- WORK REQUIRED
Using the listing that follows, return every line with the word "Windproof".

- DATA FOR THE TASK
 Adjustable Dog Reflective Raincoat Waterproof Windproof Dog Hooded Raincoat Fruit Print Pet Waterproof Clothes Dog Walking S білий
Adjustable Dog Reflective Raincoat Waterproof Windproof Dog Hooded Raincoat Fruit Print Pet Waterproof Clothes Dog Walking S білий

* * *

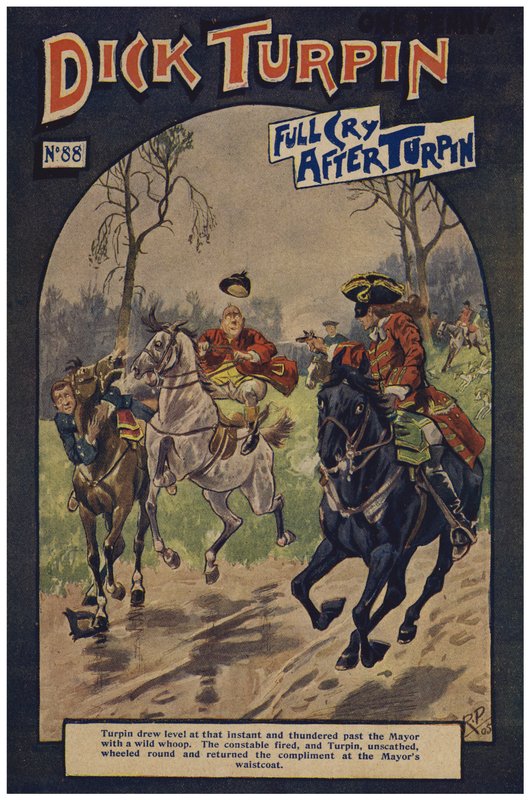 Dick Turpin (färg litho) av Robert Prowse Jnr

...

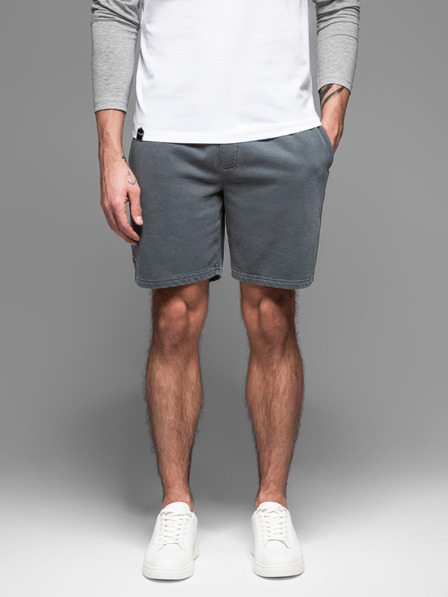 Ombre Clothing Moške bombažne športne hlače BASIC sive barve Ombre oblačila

- RESPONSE TO THIS EXERCISE
 Adjustable Dog Reflective Raincoat Waterproof Windproof Dog Hooded Raincoat Fruit Print Pet Waterproof Clothes Dog Walking S білий
Adjustable Dog Reflective Raincoat Waterproof Windproof Dog Hooded Raincoat Fruit Print Pet Waterproof Clothes Dog Walking S білий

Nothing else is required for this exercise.